Issue (i): Whether the refund claim was barred by limitation on the ground that the assessments were not provisional.
Analysis: Provisional assessment requires an order or permission by the proper officer under Rule 9B; mere correspondence between departmental officers or an endorsement on RT-12 returns does not substitute such an order. A price variation clause in the contract does not by itself make the assessment provisional.
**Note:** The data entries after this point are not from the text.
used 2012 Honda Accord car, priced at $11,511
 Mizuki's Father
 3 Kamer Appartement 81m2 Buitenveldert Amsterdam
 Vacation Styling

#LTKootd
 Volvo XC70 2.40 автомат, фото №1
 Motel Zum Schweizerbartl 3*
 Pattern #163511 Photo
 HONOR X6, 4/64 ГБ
In the absence of an express provisional assessment order, the refund claim had to comply with the limitation period for refund claims.
Conclusion: The refund claim was barred by limitation to the extent it related to duty paid beyond the prescribed six-month period; the issue was decided against the assessee on this aspect.
Issue (ii): Whether the refund was hit by the doctrine of unjust enrichment.
Analysis: The purchase orders contained escalation and de-escalation clauses, and the payment advices showed deductions towards excise duty difference. On that material, the incidence of duty was not shown to have been passed on to the customers. The doctrine of unjust enrichment therefore did not apply to the refundable excess duty.
Conclusion: The refund was not barred by unjust enrichment and was allowable to the assessee on this aspect.
Final Conclusion: The appeal succeeded only in part: limitation defeated the refund to the extent of the delayed claim, but the balance refund remained admissible because unjust enrichment was not attracted.
Ratio Decidendi: A refund claim cannot be treated as one arising from provisional assessment unless there is an express order under Rule 9B, and a contractual price variation clause alone does not displace the limitation under Section 11B; however, where the evidence shows that duty incidence was not passed on, unjust enrichment does not bar refund.